Short descriptive text snippets

*** Block opens ***

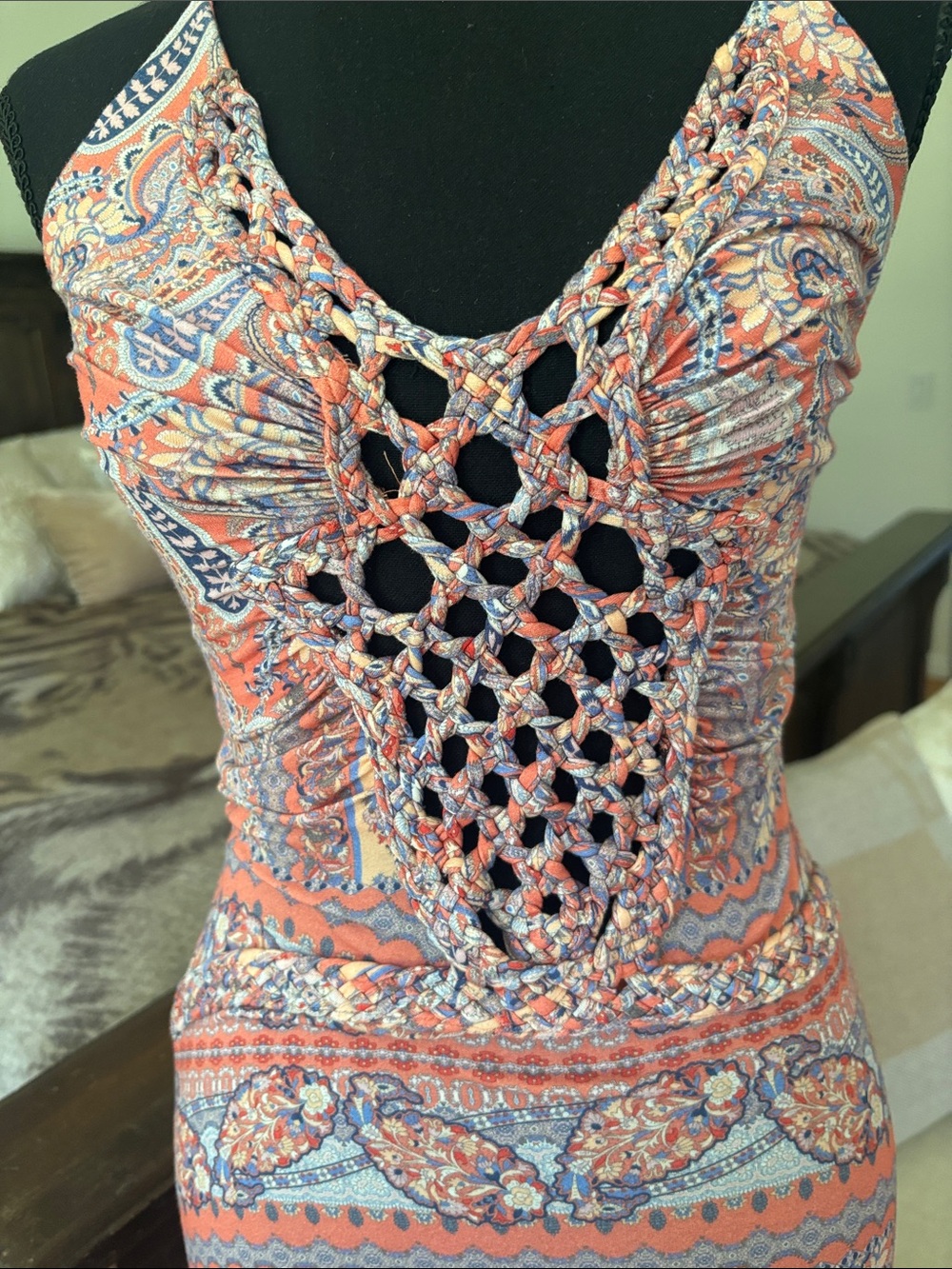 Sky Crochet-Front Maxi Dress in Coral and Lavender Multi - Picture 2 of 4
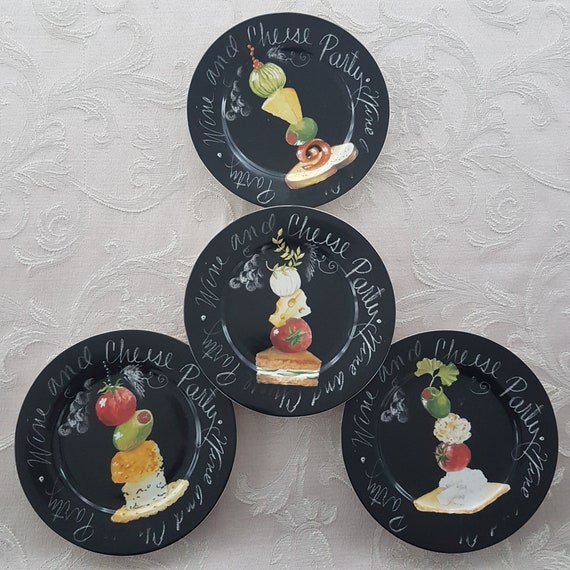 American Atelier Wine and Cheese Party Appetizer Side Plates Set of 4 Black Chalkboard Style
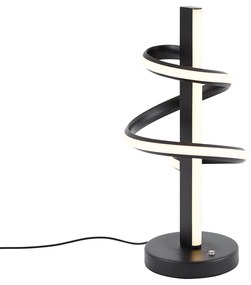 Designerska lampa stołowa czarna z LED, ściemnialna z 3-stopniowym przełącznikiem - Rolla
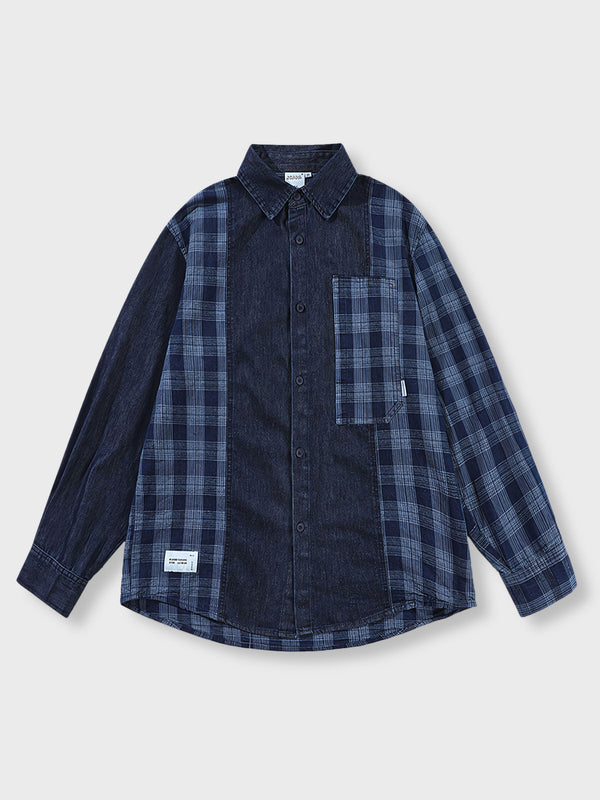 Denim and checkered patchwork long sleeve shirt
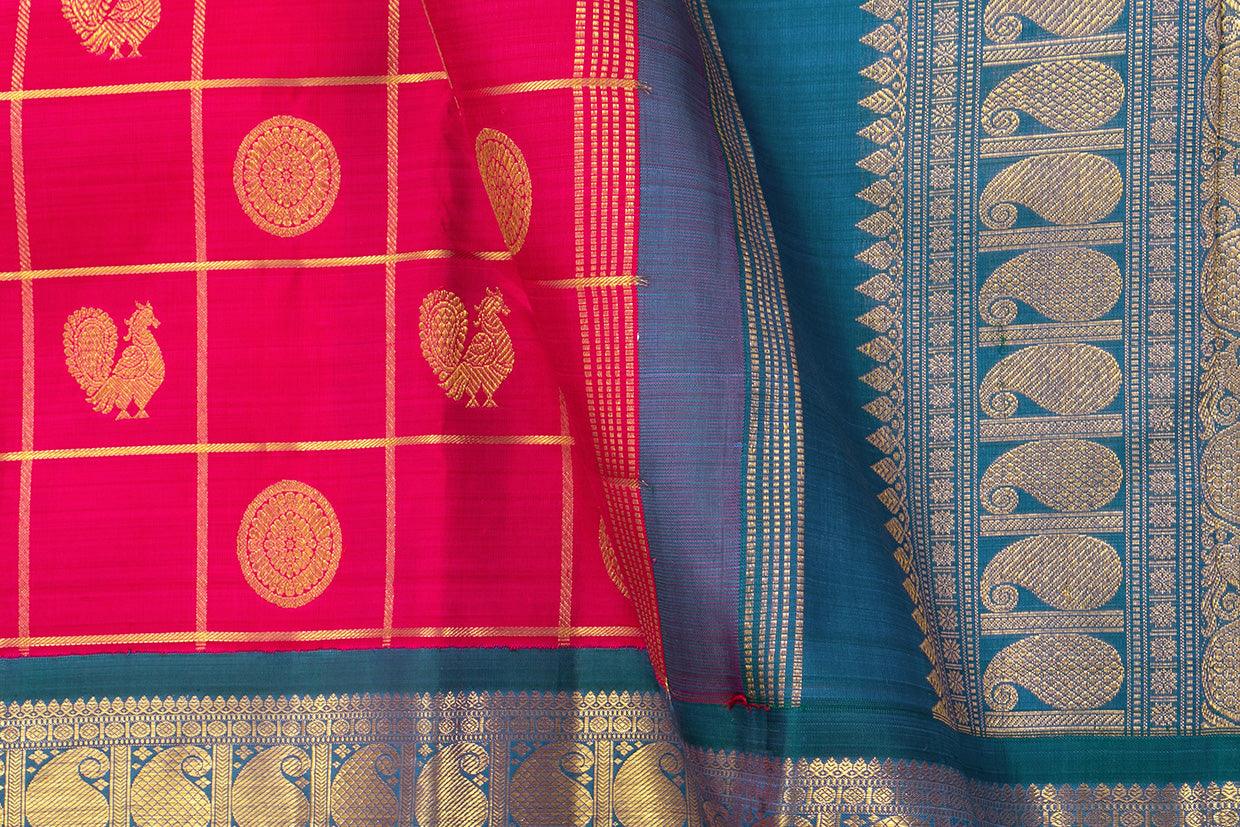 Pink And Blue Kanchipuram Silk Saree With Zari Checks Medium Border Handwoven Pure Silk For Wedding Wear PV NYC 1023 - Silk Sari - Panjavarnam PV NYC 1023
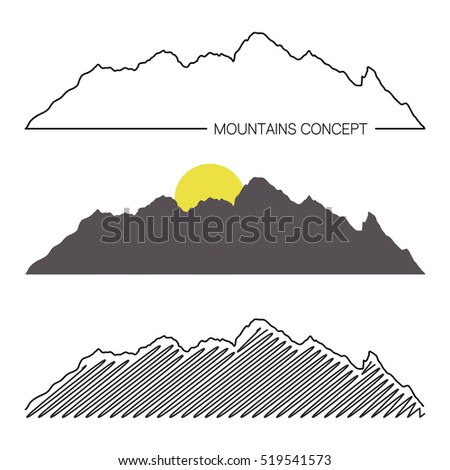 Set of mountain ridges on white background. Different variants of silhouette. Vector Illustration for design. Outdoor and travel concept.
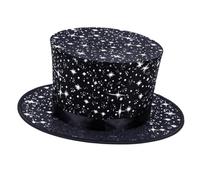 rongweiwang Magician Top Hat Card Pattern Stage Accessories Easy To Open Collapsible Folding Magical Cap Kids Play Magicians Hat Magical Tricks Kids Children Play Toy , Star , 14x33.5cm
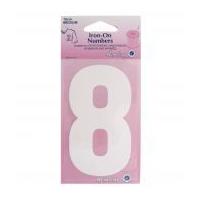 Hemline Iron On Number Motif Applique White Number 8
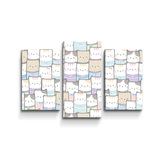 Obraz - 3-dílný Kreslená koťátka: 75x50 cm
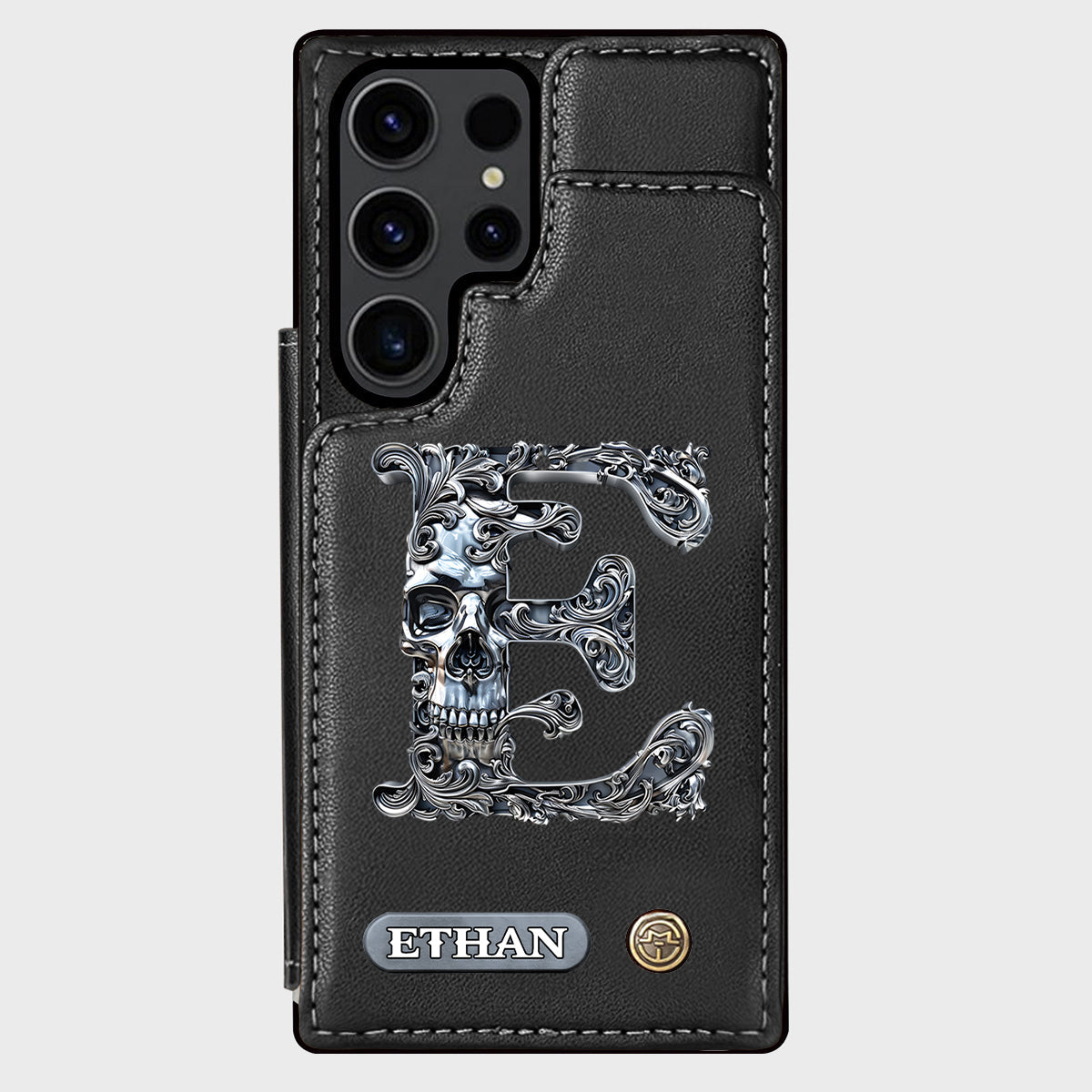 Skull Name Initial Letter - Personalized Skull Wallet Phone Case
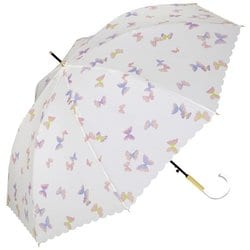 長傘 晴雨兼用 バタフライ 58cm ジャンプ式 紫外線防止効果 オフ（オフホワイト） 2713-04-001OF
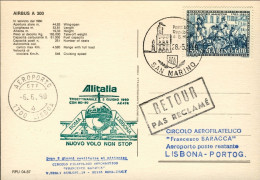 1990-San Marino Aerogramma Cartolina Illustrata Aereo Airbus A 300 Bollo Nuovo V - Airmail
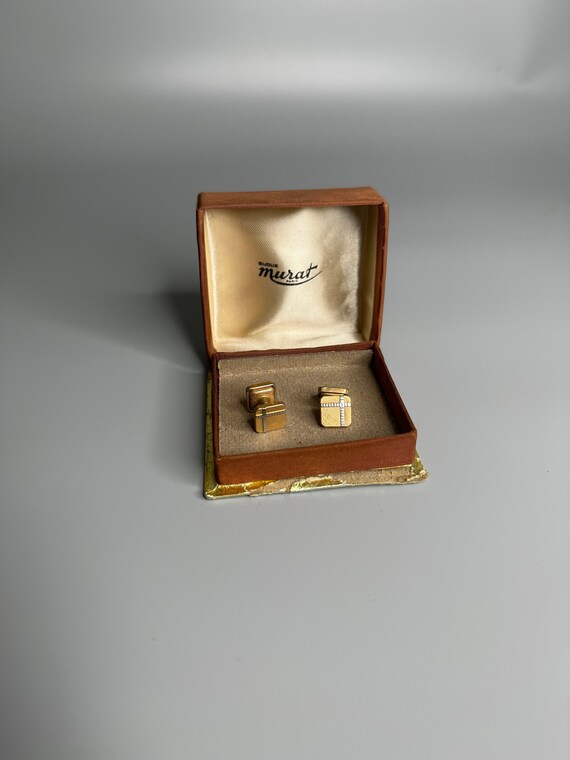 Boutons De Manchette Vintage Plaqué Or MURAT - Avec Boîte D'origine - Élégance Rétro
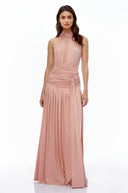 Douce Pink Halterneck Ruched Maxi Dress with Side Slit - Aura Muse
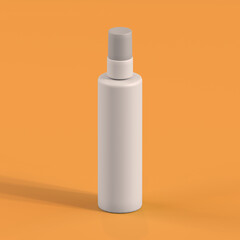Monochrome Bottle on Orange Background, 3d Rendering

*** Block closes ***

**TASK OBJECTIVE**
Nothing but the lines above, starting at the line that contains "Set of mountain" and ending at the line that contains "rongweiwang Magician Top", should be given again, exactly and without the pictures.

**RESPONSE TO THE TASK**
 Set of mountain ridges on white background. Different variants of silhouette. Vector Illustration for design. Outdoor and travel concept.
 rongweiwang Magician Top Hat Card Pattern Stage Accessories Easy To Open Collapsible Folding Magical Cap Kids Play Magicians Hat Magical Tricks Kids Children Play Toy , Star , 14x33.5cm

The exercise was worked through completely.